*DATA BLOCK:*
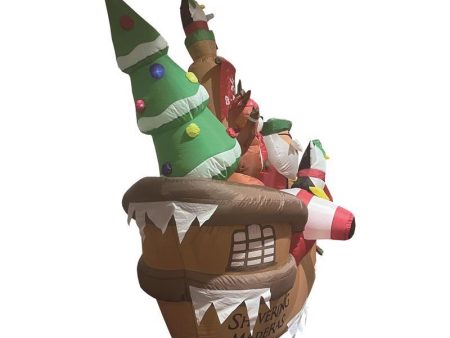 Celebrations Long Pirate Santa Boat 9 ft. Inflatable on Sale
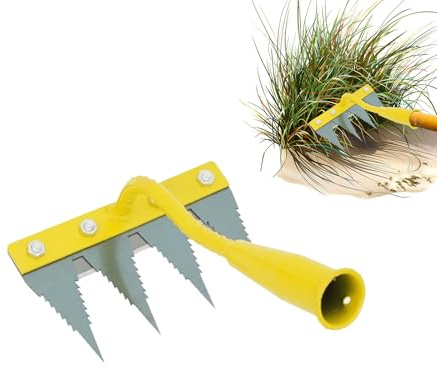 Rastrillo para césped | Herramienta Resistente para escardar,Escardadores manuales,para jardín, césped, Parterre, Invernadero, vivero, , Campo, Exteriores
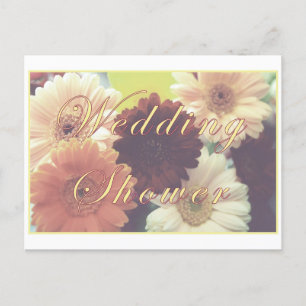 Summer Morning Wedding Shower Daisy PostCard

*WORK REQUIRED:* Take the listing above and print it exactly, apart from the pictures.

*EXERCISE SOLUTION:*
 Celebrations Long Pirate Santa Boat 9 ft. Inflatable on Sale
 Rastrillo para césped | Herramienta Resistente para escardar,Escardadores manuales,para jardín, césped, Parterre, Invernadero, vivero, , Campo, Exteriores
 Summer Morning Wedding Shower Daisy PostCard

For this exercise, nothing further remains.